Zac Taylor threw for 392 yards and two scores, Cory Ross accounted for 142 yards and a touchdown and the Huskers dominated CU the way they did when Tom Osborne was coach in a 30-3 win Friday.

A few water bottles and other debris rained down from the CU student section in the fourth quarter, forcing officials to stop action and order two sections of Folsom Field emptied for the final 10 minutes of the game. Nobody appeared injured.

Outcoached, outplayed, out-everythinged by Big Red, Colorado (7-4, 5-3 Big 12) lost its second straight game and might have watched its trip to the Big 12 title game go down the drain, too. The loss left the door open for Iowa State, which will earn the spot with a win at Kansas on Saturday.

CU would back into the game against No. 2 Texas if the Cyclones lose. But really, after watching this complete dismantling – an embarrassment not only to the program but to many of the trash-throwing fans, as well – the words “Colorado” and “championship” would look odd together.
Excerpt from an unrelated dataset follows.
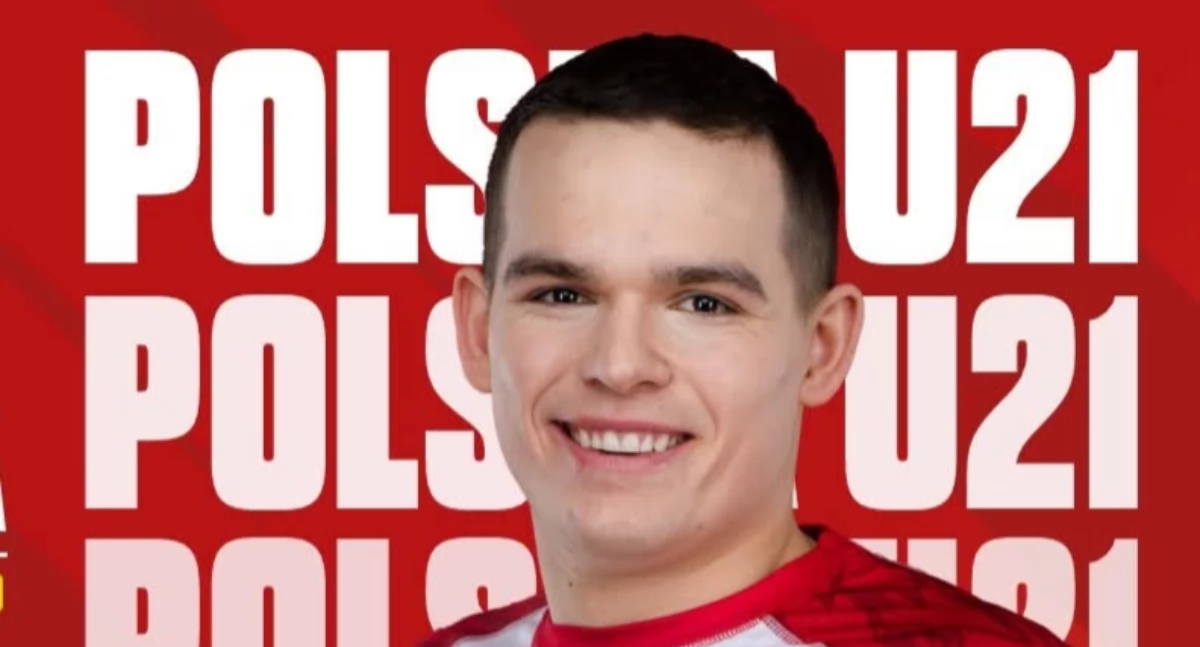 Na zdjęciu Franciszek Wierzbicki, obrotowy reprezentacji Polski. Wychowanek MKSu Wieluń gra obecnie w barwach AZS AWF Biała Podlaska/fot. Handball Polska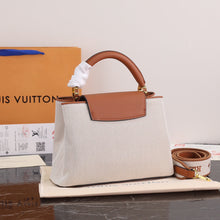 Load image into Gallery viewer, LB784 Capucines BB / 10.6 x 7.1 x 3.5 inches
It was the Huskers (7-4, 4-4) who looked like title contenders, putting together, by far, the best 60 minutes of coach Bill Callahan’s troubled two-year tenure. They posted their biggest win in the series since a 52-7 blowout in 1992 and gave themselves quite a boost as they head into the bowl season and beyond.
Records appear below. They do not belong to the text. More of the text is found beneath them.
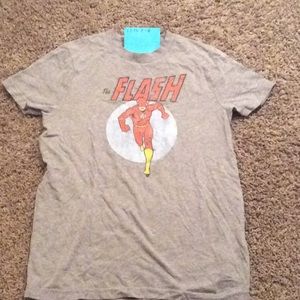 Abercrombie Kids Flash T-shirt. Size Large.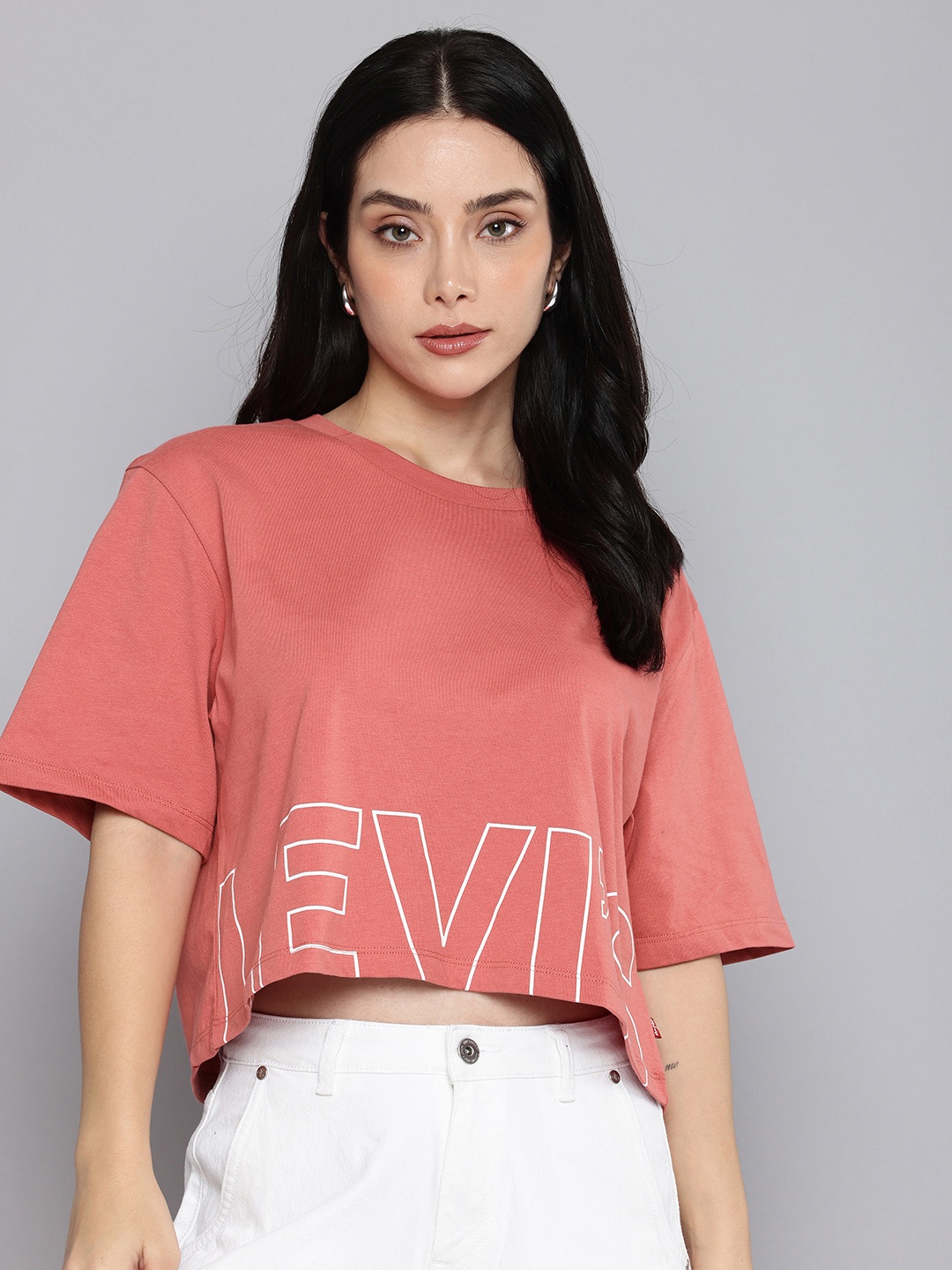 

Levis Brand Logo Printed Drop-Shoulder Sleeves Pure Cotton Boxy T-shirt, Peach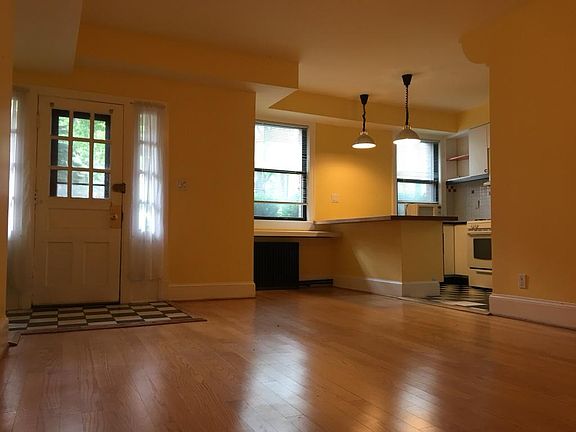 4th image of 2655 41st St NW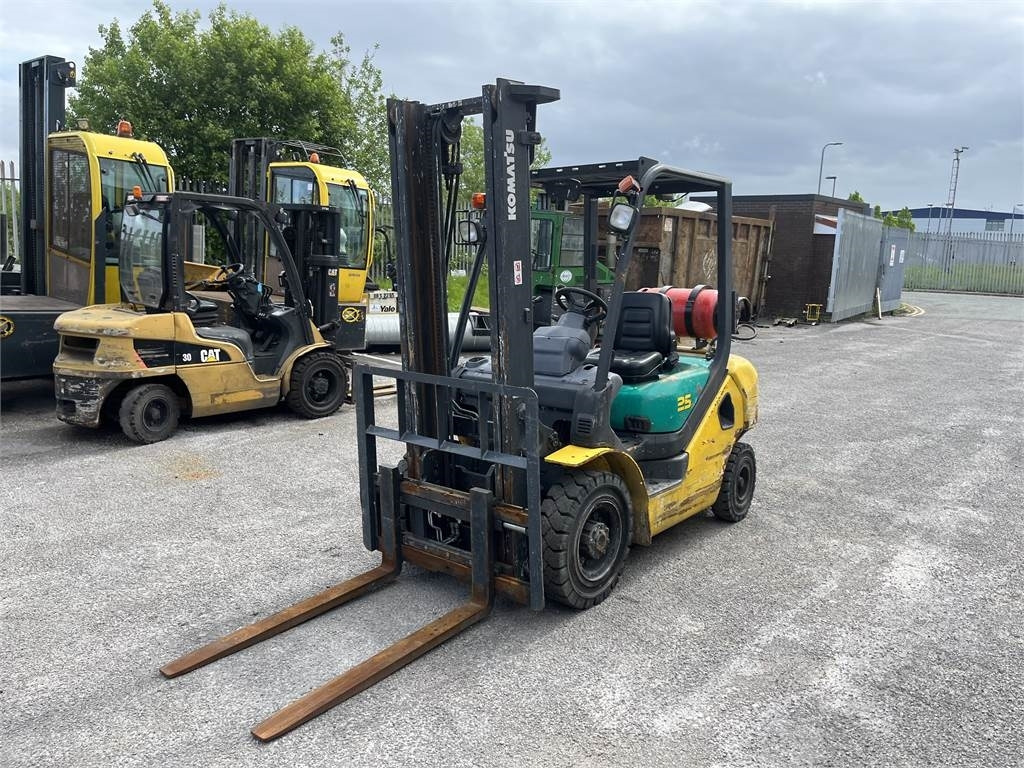 Komatsu FG25HT-16R - Treibgasstapler: das Bild 2 Komatsu FG25HT-16R - Treibgasstapler: das Bild 2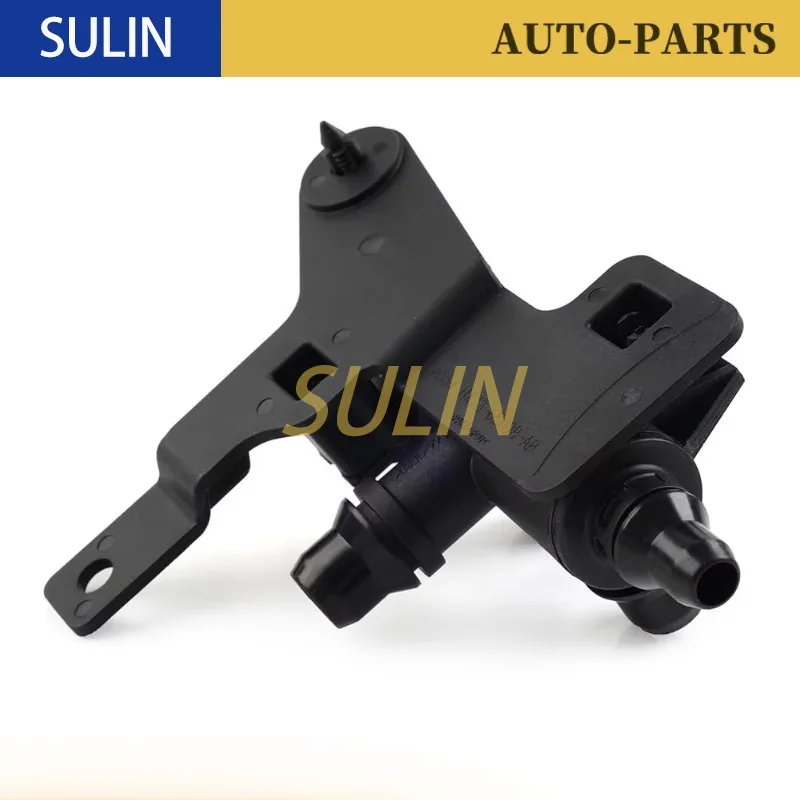 

LR116647 LR093685 T4N12568 T2H39321 Connector Tube Replacement Parts For Land Rover XE 2005 F-PACE 2016 XF 2016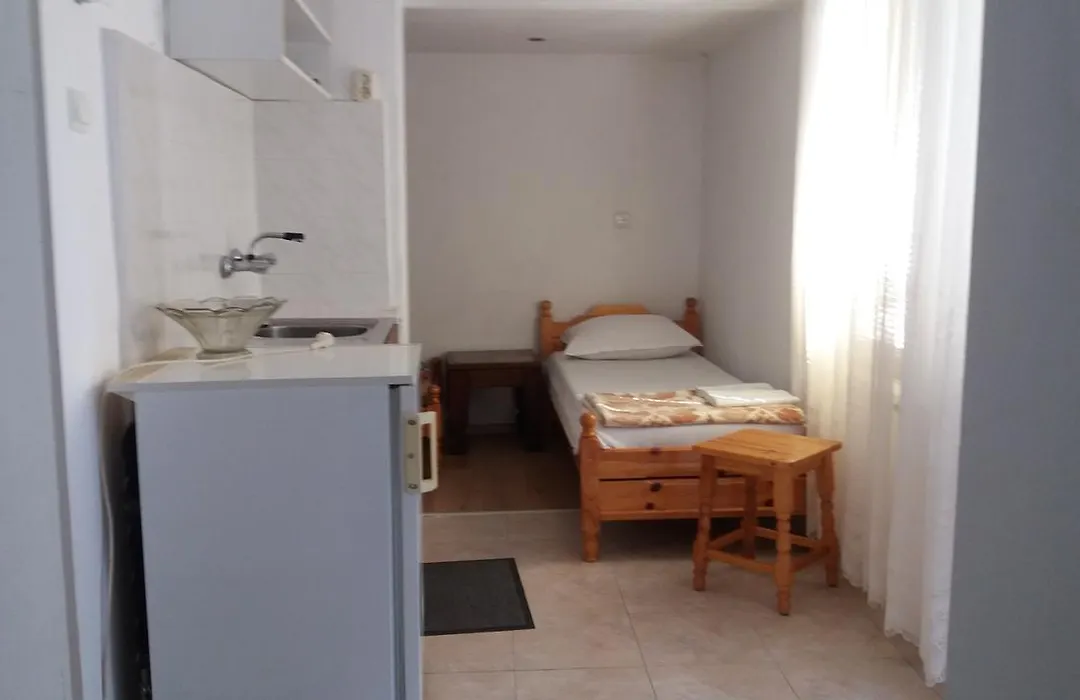 Guest House Kostadinovi-1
On the first play of its first possession, Colorado got a 45-yard run by Hugh Charles and that was pretty much it. The big run set up a Mason Crosby field goal that gave the Buffs a 3-0 lead. The Huskers answered with a field goal of their own and CU never came close to taking the lead again.

Ross, a Denver kid who wasn’t recruited by Gary Barnett and the Buffs, had 129 yards receiving. His 19-yard TD off a screen pass early in the second gave the Huskers a 10-3 lead. The rest of the game was a combination of Nebraska dominance – the Huskers defense allowed only 212 yards – and CU’s ineptitude.

The Buffs came into the game leading the conference in penalties and will likely stay there after committing 10 more for 105 yards.

They kept Nebraska’s second touchdown drive alive when, after Taylor called timeout, Huskers center Kurt Mann snapped the ball anyway, which compelled CU linebacker Alex Ligon to slam Taylor to the ground and draw a 15-yard penalty on third-and-10.

Nebraska’s next drive started at midfield thanks to a 15-yard penalty on CU’s Terry Washington for tackling punt returner Cortney Grixby while the ball was still in the air. The CU punt team got bamboozled by Nebraska’s formations twice, drawing penalties each time.

Early in the fourth quarter, with Nebraska leading 27-3, debris started flowing onto the field while the loyal fans in the Nebraska section chanted “Go Big Red, Go Big Red.” Just like old times.

It harkened back to the days when the Huskers took CU for granted and when a Buffs win in a matchup only they considered a rivalry could make their season.

It could have this year, too.

The Buffs were shooting for their fourth trip to the title game in five years. They were an unheard-of, 14-point favorite and Barnett was trying to improve to 4-3 against Nebraska and become the first CU coach in a generation to be able to say he won more than he lost against Big Red.

Now, that’s out the window and much figures to be made of the fact that Barnett has only a year left on his contract with an extension still unsigned.

Nebraska, meanwhile, will sing a different tune.

Led by sacks by Titus Adams, Le Kevin Smith and Barry Cryer, the Huskers confused normally unflappable quarterback Joel Klatt. He went 20-for-40 for 159 yards and an interception.

An embarrassing season that included their first loss to Kansas in 36 years now looks much better for the Huskers. Their bowl destination certainly improved and a program that is already thought to be putting in place a great recruiting class surely wasn’t hurt with this performance in front of a national audience on the day after Thanksgiving.